A bar chart of means hides whether the groups have similar distributions or wildly different ones.

# Shows mean only — misleading if distributions differ
sns.barplot(data=df, x='parking_type', y='amount')

# Better: box plot, or bar + stripplot overlay
sns.boxplot(data=df, x='parking_type', y='amount')

If you must use a bar chart of means, at minimum add error bars:

sns.barplot(data=df, x='parking_type', y='amount', errorbar='sd')

4. Using Color to Encode the Same Variable Twice

# AVOID: x-axis already encodes station_code — color adds no information
sns.barplot(data=station_rev, x='station_code', y='amount',
            hue='station_code')   # redundant

# Use hue only when it encodes a DIFFERENT variable
sns.barplot(data=df, x='station_code', y='amount',
            hue='parking_type')   # hue = a second dimension

5. Not Labeling Axes or Units

# Always set axis labels with units
ax.set_xlabel('Month')
ax.set_ylabel('Revenue (NTD)')
ax.set_title('Monthly Revenue by Station')

A chart without units is incomplete. "Revenue" alone doesn't say NTD, USD, or thousands.

6. Comparing Groups with Very Different Sizes Using Raw Counts

# AVOID: Station A has 10x more sessions — raw count comparison is meaningless
sns.barplot(data=df, x='station_code', y='parking_id', estimator='count')

# BETTER: normalize to per-session averages
sns.barplot(data=df, x='station_code', y='amount', estimator='mean')

# OR: show both total and average side by side

Dashboard Composition

Real reporting tasks need multiple charts working together.

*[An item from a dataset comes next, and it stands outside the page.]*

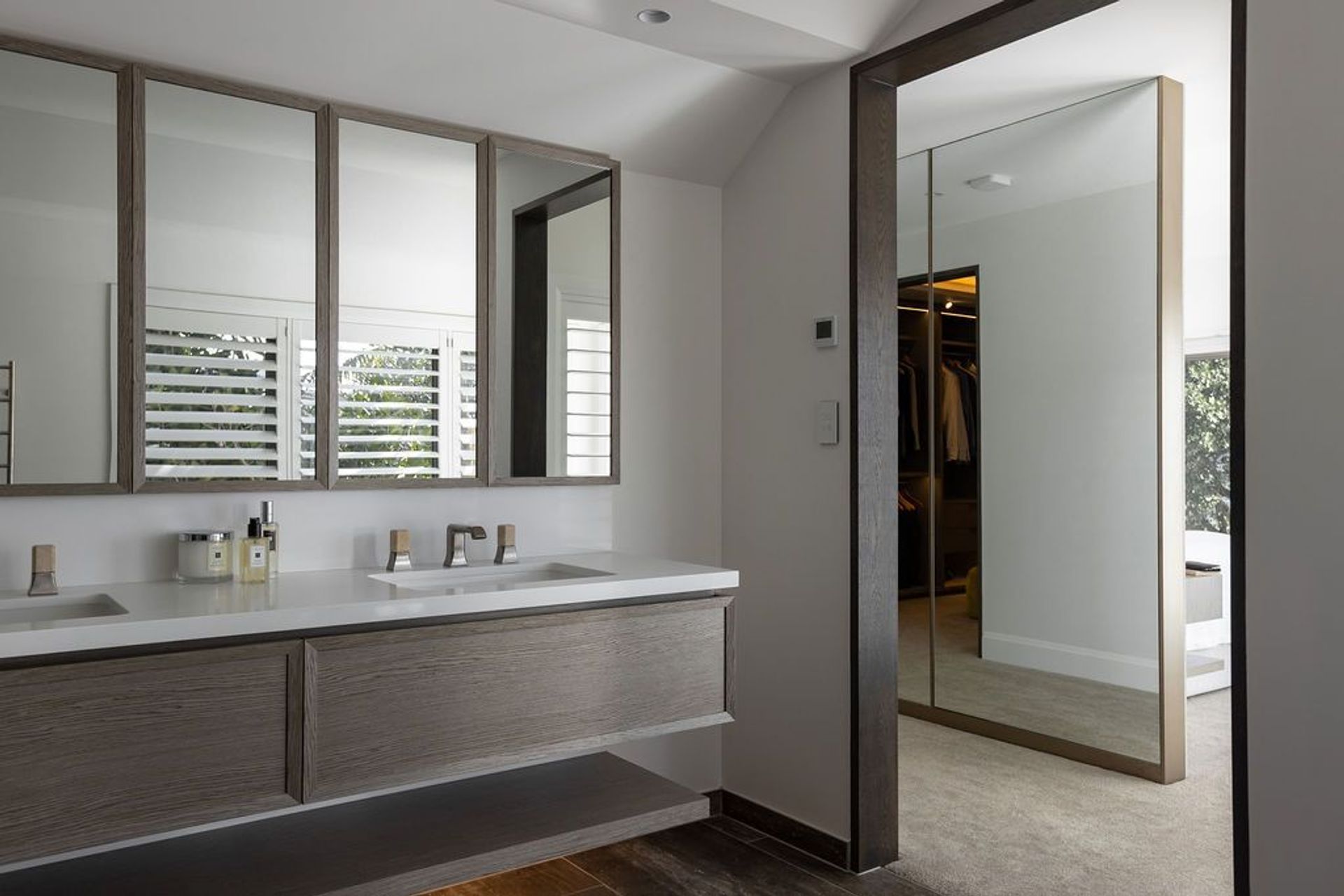 Sarsfield Street residence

The rule: each chart answers one question; together they tell one story.

Principle: Overview → Detail

Design dashboards so the reader moves from a high-level summary to specifics.

[Top row]   KPI metrics (total revenue, total visits, avg amount)
[Middle]    Trend over time (line chart — what's happening?)
[Bottom]    Breakdown (bar chart by station, heatmap by station × month)

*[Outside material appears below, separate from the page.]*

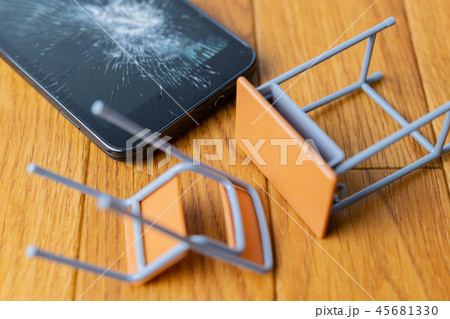 いじめ　イジメ　いじめイメージ 45681330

Example: Monthly Station Report

fig = plt.figure(figsize=(18, 12))

# top row: trend + MoM change
ax1 = fig.add_subplot(2, 2, 1)
ax2 = fig.add_subplot(2, 2, 2)

# bottom row: station breakdown + heatmap
ax3 = fig.add_subplot(2, 2, 3)
ax4 = fig.add_subplot(2, 2, 4)

# top-left: monthly revenue + rolling avg
ax1.plot(monthly['month_str'], monthly['revenue'], marker='o', label='Monthly')
ax1.plot(monthly['month_str'], monthly['rolling_3m'], linestyle='--', label='3M Avg')
ax1.set_title('Monthly Revenue')
ax1.legend()
ax1.tick_params(axis='x', rotation=45)

# top-right: MoM % change (green/red bars)
colors = ['green' if v >= 0 else 'tomato' for v in monthly['mom_pct'].fillna(0)]
ax2.bar(monthly['month_str'], monthly['mom_pct'].fillna(0), color=colors)
ax2.axhline(0, color='black', linewidth=0.8)
ax2.set_title('Month-over-Month Change (%)')
ax2.tick_params(axis='x', rotation=45)

# bottom-left: revenue by station
sns.barplot(data=station_rev, x='station_code', y='amount', ax=ax3)
ax3.set_title('Total Revenue by Station')
for c in ax3.containers:
    ax3.bar_label(c, fmt='%.0f', padding=3, fontsize=8)

# bottom-right: station × month heatmap
pivot = parking_df.pivot_table(
    values='amount', index='station_code',
    columns=parking_df['entry_time'].dt.month, aggfunc='sum'
)
sns.heatmap(pivot, annot=True, fmt='.0f', cmap='YlOrRd', ax=ax4)
ax4.set_title('Revenue by Station × Month')
ax4.set_xlabel('Month')

plt.suptitle('Parking System — Monthly Report', fontsize=16, y=1.01)
plt.tight_layout()
plt.savefig('monthly_report.png', dpi=150, bbox_inches='tight')
plt.show()

Reading the composition: - Top-left tells you what the trend is. Top-right tells you how fast it's changing. - Bottom-left ranks stations by total. Bottom-right shows which station had which month — the question the bar chart can't answer alone. - The line chart and heatmap complement each other: one shows shape, the other shows magnitude across two dimensions simultaneously.